## Task instructions
The lines to copy run from the one containing "1955 Topps Red" to the very end of the records; give them exactly, and only them, without pictures.

Provided material START

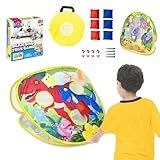 Grip Kids 2-in-1 Dinosaur & Animal Bean Bag Toss Game – Double-Sided 27' Target Board with 6 Bean Bags – Outdoor & Indoor Toy for Toddlers & Kids Ages 3-6 – Birthday Gift - Amazon Exclusive
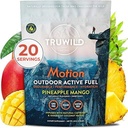 TruWild Motion All Natural Pre Workout Powder Drink Mešanica za moške in ženske brez Jitters ali Crash, Cela živilska rastlina temelji Vegan, Organski z elektroliti + BioPerine, 20 Serving (Pineapple Mango)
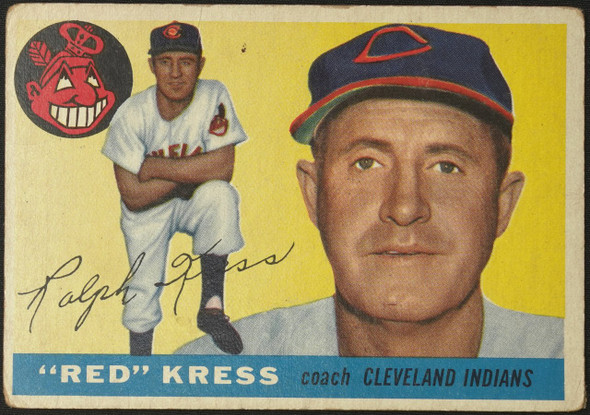 1955 Topps Red Kress #151 Cleveland Indians Fair Example A front of card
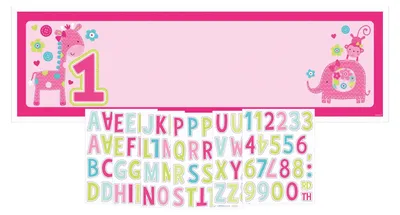 Produktbild von Banner 1. Geburtstag Mädchen Tiere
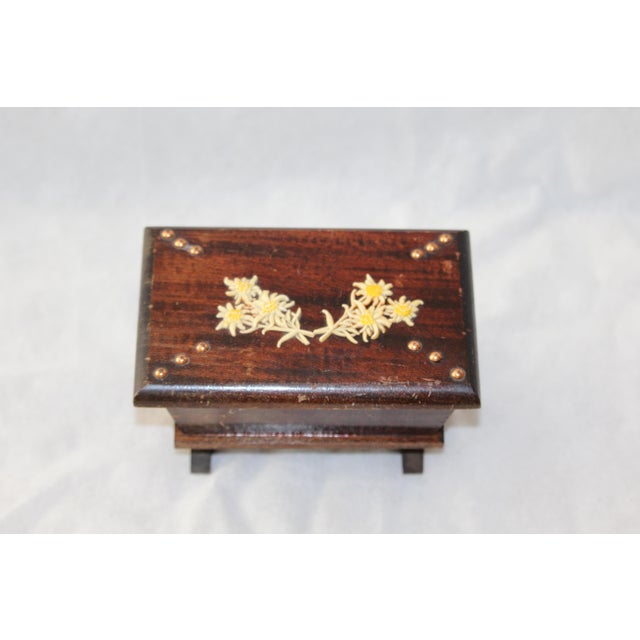 Edelweiss Decor Wood Jewelry Box, 1970s For Sale - Image 16 of 17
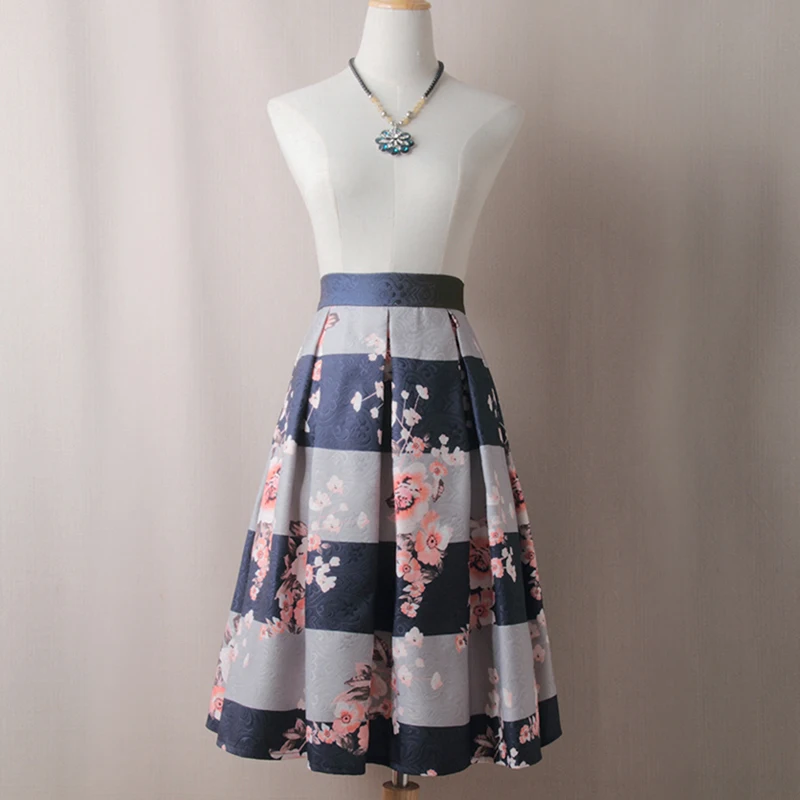 Новые летние модные женские туфли Цветочный принт Женская гофрирующая юбка Винтаж Флористический с высокой талией юбка на молнии элегантные ретро-юбки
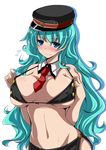  adapted_costume aqua_hair bad_id bad_pixiv_id bangs between_breasts bikini bikini_top black_bikini black_hat blue_eyes blush breasts breasts_apart buttons closed_mouth detached_collar drop_shadow embarrassed eyebrows_visible_through_hair flying_sweatdrops hair_between_eyes halter_top halterneck hat hips imagawa_yoshimoto_(sengoku_collection) large_breasts long_hair looking_at_viewer military_hat mini_necktie mutou_kurihito navel necktie necktie_between_breasts peaked_cap pulled_by_self red_neckwear sarong sengoku_collection side_slit simple_background solo standing strap_gap strap_pull sweat swimsuit underboob very_long_hair wavy_hair white_background 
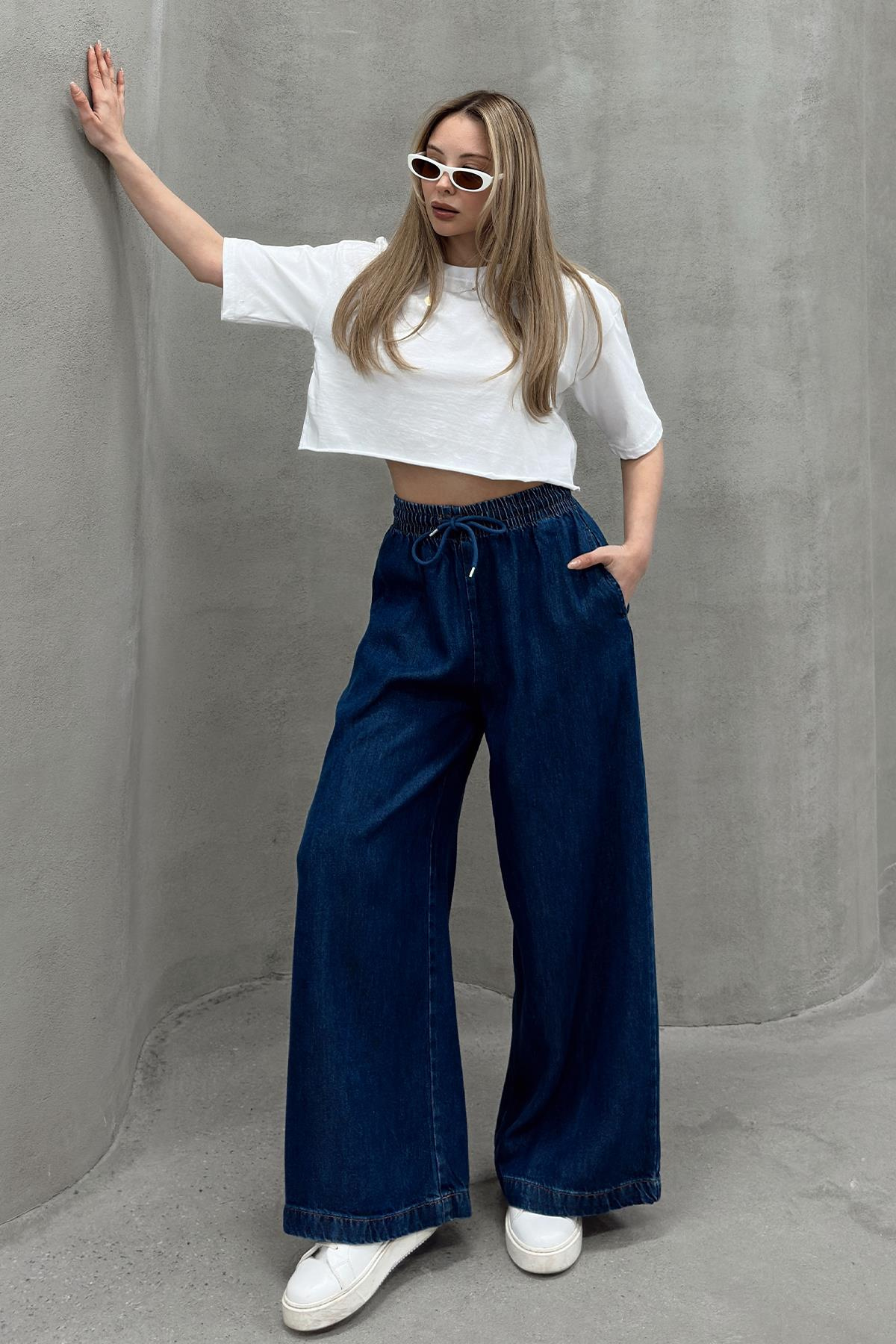 Beli Lastikli Salaş Yumuşak Kot Pantolon KOYU MAVİ 7576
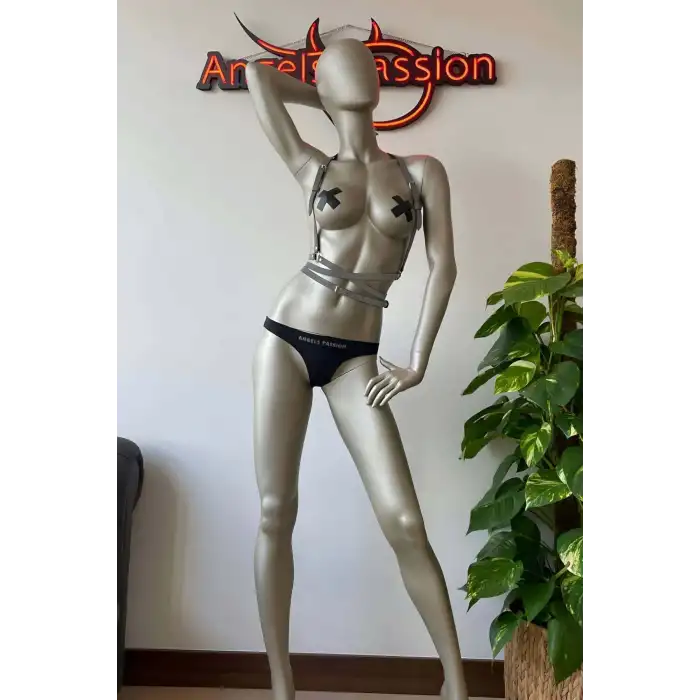 Kadın Fantazi İç Giyim Modelleri Rekflektörlü Harness - APFT198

Provided material END

## Exercise result
 1955 Topps Red Kress #151 Cleveland Indians Fair Example A front of card
 Produktbild von Banner 1. Geburtstag Mädchen Tiere
 Edelweiss Decor Wood Jewelry Box, 1970s For Sale - Image 16 of 17
 Новые летние модные женские туфли Цветочный принт Женская гофрирующая юбка Винтаж Флористический с высокой талией юбка на молнии элегантные ретро-юбки
  adapted_costume aqua_hair bad_id bad_pixiv_id bangs between_breasts bikini bikini_top black_bikini black_hat blue_eyes blush breasts breasts_apart buttons closed_mouth detached_collar drop_shadow embarrassed eyebrows_visible_through_hair flying_sweatdrops hair_between_eyes halter_top halterneck hat hips imagawa_yoshimoto_(sengoku_collection) large_breasts long_hair looking_at_viewer military_hat mini_necktie mutou_kurihito navel necktie necktie_between_breasts peaked_cap pulled_by_self red_neckwear sarong sengoku_collection side_slit simple_background solo standing strap_gap strap_pull sweat swimsuit underboob very_long_hair wavy_hair white_background 
 Beli Lastikli Salaş Yumuşak Kot Pantolon KOYU MAVİ 7576
 Kadın Fantazi İç Giyim Modelleri Rekflektörlü Harness - APFT198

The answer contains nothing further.